Attitude, clothing, tech tidbits, and riding style.

  • Attitude: Do whatever it takes to get yourself out the door. If you ride in the morning, set your bike up, fill your bottles, and get out your clothes the night before. Then just hit the road when you get up! Expect to be cold for a mile or two, so dress according to how you'll feel once warmed up. Enjoy the serenity of the winter months. There's less of everything on the road (bikes, cars, people), so think of yourself as a lone ranger. Reap the rewards of your commitment.
  • Clothing: Wear polypropylene wherever possible because it wicks your sweat away and keeps you warm like nothing else. You'll want full-fingered gloves (cheap polypro "glove liners" are usually enough), warmer socks, shoe covers (booties), a bandanna or two, and a hat to wear under your helmet. Arm warmers and leg warmers are great, too, because you can peel them off as necessary. Big niceties are a long sleeve polypro top (buy a long underwear shirt; it's cheaper than a jersey) and a cycling vest with rear pockets.
  • Tech Tidbits: Somewhat wider tyres on your road bike are good when the roads can be wet or even icey.
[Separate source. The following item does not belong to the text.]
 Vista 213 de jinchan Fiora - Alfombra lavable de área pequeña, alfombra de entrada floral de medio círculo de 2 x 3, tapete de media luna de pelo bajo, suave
I run 28mm tyres, rather than the traditional 21, 23, or 25mm, which means I have better traction, longer tread wear, a more comfortable ride, and superior rim protection for pot holes or trail riding. (Punctures are more common on wet roads, by the way.) Some unobtrusive yet effective reflective material on the wheels and cranks helps you be seen in these short and often dusky days.
  • Riding Style: You'll be warm once your blood's flowing well, so don't take too long getting warmed up. Ride the drops in a tuck position; you'll be more aero, plus you'll get your chest out of the wind. Spin a slightly easier gear for the first five miles; your knees will appreciate it and your form will improve. When it's wet out, ride your brakes lightly every so often to keep your rims dry and ready for real braking. Be careful cornering on wet roads, but enjoy the faster speeds that come from less rolling resistance and from the negative ions in the air (both due to rain/water).